- Ph.D. Electronic Engineering Politecnico di Milano, Italy, 1998
- M.S. with honors, Electronic Engineering, Politecnico di Milano, Italy, 1994
Giovanni Vigna is a Professor in the Department of Computer Science at the University of California in Santa Barbara. His current research interests include malware analysis, web security, vulnerability assessment, and mobile phone security. He also edited a book on Security and Mobile Agents and authored one on Intrusion Correlation. He has been the Program Chair of the International Symposium on Recent Advances in Intrusion Detection (RAID 2003), of the ISOC Symposium on Network and Distributed Systems Security (NDSS 2009), and of the IEEE Symposium on Security and Privacy in 2011. He is known for organizing and running an inter-university Capture The Flag hacking contest, called iCTF, that every year involves dozens of institutions around the world. He is a member of IEEE and ACM.
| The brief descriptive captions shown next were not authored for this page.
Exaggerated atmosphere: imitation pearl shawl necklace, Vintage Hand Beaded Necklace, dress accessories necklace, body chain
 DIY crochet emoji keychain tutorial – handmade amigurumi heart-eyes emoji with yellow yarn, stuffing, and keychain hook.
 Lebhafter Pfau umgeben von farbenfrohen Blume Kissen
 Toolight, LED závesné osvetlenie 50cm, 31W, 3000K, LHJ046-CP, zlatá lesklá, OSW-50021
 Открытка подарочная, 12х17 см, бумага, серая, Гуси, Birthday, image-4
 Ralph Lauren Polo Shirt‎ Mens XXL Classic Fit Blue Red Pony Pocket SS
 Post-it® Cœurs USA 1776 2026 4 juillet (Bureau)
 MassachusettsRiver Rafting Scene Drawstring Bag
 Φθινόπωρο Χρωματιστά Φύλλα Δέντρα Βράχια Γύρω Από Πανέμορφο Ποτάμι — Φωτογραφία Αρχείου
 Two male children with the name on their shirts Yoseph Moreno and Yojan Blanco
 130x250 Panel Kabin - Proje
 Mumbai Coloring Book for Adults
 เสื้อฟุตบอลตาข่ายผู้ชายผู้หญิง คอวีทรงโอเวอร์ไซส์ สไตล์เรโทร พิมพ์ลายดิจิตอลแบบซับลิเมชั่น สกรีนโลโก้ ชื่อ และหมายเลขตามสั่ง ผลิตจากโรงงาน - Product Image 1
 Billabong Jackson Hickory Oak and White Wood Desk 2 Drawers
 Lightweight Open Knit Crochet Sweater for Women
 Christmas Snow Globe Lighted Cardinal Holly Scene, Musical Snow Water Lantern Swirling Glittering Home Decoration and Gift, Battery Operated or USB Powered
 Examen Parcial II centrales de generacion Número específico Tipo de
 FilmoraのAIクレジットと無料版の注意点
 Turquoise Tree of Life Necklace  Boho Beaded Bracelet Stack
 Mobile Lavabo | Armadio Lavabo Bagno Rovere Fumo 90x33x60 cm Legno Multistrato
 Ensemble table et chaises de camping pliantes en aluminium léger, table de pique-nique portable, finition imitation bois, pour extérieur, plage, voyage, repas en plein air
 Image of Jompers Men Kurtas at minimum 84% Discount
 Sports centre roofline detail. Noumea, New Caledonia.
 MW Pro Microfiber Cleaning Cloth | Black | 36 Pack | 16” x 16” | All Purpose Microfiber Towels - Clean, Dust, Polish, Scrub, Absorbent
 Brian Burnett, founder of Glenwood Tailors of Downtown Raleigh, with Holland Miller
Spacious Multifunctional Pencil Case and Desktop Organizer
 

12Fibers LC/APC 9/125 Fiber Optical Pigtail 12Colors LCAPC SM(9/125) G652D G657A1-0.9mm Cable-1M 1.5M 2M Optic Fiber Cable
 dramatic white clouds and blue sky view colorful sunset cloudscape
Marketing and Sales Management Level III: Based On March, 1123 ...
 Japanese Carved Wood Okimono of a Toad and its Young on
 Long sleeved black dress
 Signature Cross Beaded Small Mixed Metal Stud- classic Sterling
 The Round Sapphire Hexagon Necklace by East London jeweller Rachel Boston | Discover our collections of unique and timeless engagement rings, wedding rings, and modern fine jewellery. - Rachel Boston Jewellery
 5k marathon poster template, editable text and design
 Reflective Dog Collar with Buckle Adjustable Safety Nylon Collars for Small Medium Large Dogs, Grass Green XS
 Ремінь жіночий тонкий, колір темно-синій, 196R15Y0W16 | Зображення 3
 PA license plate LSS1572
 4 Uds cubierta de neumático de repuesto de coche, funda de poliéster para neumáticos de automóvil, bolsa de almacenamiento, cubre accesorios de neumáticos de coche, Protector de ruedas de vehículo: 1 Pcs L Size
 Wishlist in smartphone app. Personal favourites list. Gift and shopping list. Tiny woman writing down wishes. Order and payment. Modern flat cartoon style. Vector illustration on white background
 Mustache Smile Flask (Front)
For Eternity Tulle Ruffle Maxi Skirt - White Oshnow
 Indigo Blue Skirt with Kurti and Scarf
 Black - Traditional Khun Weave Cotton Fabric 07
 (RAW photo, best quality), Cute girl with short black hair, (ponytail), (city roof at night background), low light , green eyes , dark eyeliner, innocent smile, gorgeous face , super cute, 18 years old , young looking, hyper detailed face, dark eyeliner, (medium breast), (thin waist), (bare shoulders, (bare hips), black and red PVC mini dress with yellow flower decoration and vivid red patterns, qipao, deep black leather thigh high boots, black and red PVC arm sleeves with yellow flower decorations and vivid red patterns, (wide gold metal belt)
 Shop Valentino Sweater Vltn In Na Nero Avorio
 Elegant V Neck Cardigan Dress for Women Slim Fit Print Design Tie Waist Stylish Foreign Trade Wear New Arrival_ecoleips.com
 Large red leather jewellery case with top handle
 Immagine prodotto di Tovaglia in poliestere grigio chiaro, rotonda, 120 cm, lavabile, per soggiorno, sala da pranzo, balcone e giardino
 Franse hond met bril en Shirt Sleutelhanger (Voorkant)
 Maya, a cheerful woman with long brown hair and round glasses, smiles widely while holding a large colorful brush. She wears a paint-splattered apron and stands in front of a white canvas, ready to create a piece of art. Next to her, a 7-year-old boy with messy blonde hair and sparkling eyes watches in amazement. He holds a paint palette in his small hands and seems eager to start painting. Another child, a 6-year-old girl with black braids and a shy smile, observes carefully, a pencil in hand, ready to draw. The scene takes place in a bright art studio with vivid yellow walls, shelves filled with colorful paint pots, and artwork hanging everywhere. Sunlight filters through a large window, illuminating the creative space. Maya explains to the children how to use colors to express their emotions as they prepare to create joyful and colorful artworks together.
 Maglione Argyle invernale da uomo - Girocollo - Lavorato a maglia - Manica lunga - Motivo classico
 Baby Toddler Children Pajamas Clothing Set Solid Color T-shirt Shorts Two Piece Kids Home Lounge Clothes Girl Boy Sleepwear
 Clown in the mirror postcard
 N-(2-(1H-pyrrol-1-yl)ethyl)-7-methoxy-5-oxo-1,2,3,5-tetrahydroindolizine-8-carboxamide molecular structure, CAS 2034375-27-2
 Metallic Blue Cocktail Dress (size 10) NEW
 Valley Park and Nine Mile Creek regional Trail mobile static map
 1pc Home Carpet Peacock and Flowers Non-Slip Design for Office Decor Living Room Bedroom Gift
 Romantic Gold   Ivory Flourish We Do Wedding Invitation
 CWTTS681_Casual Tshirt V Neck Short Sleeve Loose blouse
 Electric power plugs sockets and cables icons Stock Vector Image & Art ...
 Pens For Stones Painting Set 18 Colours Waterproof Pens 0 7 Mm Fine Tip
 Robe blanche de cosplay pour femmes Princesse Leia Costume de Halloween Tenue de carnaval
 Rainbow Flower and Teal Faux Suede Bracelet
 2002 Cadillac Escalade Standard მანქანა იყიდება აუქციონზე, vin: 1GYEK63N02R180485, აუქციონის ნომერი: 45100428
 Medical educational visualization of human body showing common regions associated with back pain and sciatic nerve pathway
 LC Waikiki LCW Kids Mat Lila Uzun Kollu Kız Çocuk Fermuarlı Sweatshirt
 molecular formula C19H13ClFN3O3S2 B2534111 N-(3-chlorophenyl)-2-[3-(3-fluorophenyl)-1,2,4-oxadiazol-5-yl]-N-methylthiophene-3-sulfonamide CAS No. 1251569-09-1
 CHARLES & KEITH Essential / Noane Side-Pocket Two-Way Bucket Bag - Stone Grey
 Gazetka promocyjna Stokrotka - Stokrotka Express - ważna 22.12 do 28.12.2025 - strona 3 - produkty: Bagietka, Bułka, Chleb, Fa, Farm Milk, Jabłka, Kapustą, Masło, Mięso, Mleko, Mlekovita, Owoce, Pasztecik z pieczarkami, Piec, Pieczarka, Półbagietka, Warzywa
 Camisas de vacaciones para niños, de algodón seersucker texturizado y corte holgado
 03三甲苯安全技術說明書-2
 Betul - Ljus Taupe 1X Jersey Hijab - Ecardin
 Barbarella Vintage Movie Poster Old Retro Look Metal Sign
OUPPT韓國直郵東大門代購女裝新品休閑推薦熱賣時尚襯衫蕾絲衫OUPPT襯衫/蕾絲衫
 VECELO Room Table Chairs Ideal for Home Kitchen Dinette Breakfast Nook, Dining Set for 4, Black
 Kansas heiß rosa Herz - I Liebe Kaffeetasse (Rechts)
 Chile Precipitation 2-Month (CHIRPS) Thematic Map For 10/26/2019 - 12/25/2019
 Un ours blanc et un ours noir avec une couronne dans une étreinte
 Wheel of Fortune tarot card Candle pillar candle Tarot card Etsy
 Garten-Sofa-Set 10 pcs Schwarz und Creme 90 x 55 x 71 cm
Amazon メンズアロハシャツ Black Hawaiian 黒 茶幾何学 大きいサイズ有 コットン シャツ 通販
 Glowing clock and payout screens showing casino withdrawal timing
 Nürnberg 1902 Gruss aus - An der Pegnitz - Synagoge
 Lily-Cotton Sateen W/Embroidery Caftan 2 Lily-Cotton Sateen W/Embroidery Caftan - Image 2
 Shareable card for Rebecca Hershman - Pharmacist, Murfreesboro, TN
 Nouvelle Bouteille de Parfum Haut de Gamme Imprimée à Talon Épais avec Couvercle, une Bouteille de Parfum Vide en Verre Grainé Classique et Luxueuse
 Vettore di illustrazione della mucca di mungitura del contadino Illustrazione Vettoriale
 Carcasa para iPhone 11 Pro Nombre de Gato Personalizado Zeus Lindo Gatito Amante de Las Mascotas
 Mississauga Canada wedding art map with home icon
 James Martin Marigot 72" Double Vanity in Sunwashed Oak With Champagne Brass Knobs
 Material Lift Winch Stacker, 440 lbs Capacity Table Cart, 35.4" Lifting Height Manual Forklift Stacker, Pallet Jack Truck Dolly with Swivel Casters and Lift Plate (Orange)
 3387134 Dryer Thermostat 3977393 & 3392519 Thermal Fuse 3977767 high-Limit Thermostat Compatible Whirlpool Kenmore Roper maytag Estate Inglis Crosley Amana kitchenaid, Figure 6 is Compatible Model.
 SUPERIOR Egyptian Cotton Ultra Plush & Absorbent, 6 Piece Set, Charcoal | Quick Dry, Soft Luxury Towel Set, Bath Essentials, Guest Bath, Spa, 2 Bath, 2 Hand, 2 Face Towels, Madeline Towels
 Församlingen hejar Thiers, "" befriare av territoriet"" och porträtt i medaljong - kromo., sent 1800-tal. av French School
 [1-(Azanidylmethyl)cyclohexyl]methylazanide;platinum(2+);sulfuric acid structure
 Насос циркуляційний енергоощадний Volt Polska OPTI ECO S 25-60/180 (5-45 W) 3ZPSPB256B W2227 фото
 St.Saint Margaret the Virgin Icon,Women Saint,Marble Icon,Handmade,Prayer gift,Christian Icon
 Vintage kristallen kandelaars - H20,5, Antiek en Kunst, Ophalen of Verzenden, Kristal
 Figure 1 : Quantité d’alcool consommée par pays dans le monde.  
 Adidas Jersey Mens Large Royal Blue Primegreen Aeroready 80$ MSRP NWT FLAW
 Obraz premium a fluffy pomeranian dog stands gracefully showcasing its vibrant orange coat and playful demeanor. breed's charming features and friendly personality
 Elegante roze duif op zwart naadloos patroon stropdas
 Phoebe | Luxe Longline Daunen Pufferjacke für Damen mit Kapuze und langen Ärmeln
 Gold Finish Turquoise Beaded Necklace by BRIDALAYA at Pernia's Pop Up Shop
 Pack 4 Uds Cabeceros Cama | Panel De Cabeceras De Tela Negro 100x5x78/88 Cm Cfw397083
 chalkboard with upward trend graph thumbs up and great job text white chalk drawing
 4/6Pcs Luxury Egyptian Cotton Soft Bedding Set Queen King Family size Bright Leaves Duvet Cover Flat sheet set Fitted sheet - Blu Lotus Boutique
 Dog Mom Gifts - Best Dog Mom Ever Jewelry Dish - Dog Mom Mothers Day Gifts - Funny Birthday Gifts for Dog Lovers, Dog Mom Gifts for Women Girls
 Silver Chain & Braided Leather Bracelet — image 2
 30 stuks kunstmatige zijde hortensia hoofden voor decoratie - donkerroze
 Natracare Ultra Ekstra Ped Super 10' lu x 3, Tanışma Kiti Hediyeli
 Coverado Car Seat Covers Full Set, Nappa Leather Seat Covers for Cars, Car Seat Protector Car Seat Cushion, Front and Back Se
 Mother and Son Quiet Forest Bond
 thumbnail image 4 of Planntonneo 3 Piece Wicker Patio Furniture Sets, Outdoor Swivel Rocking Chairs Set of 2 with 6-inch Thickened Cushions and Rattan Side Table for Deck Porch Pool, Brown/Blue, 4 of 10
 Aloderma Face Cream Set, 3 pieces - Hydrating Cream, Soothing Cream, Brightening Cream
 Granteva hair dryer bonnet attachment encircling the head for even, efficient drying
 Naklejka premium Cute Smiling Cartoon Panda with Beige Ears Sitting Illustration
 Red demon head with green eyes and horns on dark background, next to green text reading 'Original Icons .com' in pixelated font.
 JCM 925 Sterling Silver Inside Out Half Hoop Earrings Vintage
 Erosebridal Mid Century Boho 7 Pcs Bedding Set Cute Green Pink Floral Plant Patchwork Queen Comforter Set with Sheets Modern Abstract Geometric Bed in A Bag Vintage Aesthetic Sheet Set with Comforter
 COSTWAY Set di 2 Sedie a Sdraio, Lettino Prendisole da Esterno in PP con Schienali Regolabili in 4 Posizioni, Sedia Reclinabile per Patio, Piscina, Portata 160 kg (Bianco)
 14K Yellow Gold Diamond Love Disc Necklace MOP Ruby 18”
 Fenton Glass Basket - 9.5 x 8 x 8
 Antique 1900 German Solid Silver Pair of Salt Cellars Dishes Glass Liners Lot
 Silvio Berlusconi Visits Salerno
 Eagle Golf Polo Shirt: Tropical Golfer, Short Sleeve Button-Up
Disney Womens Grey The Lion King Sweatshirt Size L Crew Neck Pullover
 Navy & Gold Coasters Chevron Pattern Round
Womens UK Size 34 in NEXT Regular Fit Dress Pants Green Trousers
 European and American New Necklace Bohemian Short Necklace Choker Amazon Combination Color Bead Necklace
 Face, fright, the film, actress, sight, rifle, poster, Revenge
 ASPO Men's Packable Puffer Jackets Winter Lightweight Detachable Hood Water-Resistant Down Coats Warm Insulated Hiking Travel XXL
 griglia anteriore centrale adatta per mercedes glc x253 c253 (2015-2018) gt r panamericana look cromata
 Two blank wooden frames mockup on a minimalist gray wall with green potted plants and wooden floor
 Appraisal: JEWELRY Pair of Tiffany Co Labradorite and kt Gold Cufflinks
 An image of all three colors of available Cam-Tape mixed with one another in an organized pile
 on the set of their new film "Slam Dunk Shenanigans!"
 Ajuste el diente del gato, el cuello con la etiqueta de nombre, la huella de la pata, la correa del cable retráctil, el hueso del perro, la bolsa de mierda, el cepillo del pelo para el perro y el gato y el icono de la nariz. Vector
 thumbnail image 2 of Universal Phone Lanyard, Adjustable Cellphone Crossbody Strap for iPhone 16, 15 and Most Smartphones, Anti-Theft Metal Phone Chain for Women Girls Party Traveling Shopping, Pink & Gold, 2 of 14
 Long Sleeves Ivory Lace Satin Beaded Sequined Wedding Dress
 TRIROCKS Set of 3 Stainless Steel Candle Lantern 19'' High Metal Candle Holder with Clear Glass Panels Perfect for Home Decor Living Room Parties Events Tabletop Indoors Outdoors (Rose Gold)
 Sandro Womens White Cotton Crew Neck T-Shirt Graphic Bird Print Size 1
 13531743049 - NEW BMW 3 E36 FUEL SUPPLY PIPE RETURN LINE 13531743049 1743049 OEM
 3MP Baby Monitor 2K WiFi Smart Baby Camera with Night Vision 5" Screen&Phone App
In the past ten years, the Internet has evolved in terms of both the type of services and applications being deployed and the kind of malicious activity being carried out. Web applications have become tremendously popular, and, nowadays, they are routinely used in security-critical environments, such as medical, financial, and military systems. As the use of web applications for critical services has increased, the number and sophistication of attacks against these applications have grown as well. In addition, the hosts that are compromised by means of vulnerable web applications often become part of large-scale botnets and are used to spread malware (e.g., through drive-by downloads) or to host scam and phishing sites, as black-hat hackers move from "hacking-for-fun to" to "hacking-for-profit."
My research focuses on a number of different topics: how to protect web applications (by finding vulnerabilities before they are deployed and also by detecting web-based attacks), how to detect and block malicious software, and how to develop, test, and evaluate intrusion detection systems.
In addition, my expertise in vulnerability analysis and penetration testing got me involved in two large-scale efforts to evaluate the security of the voting systems in use in California and Ohio.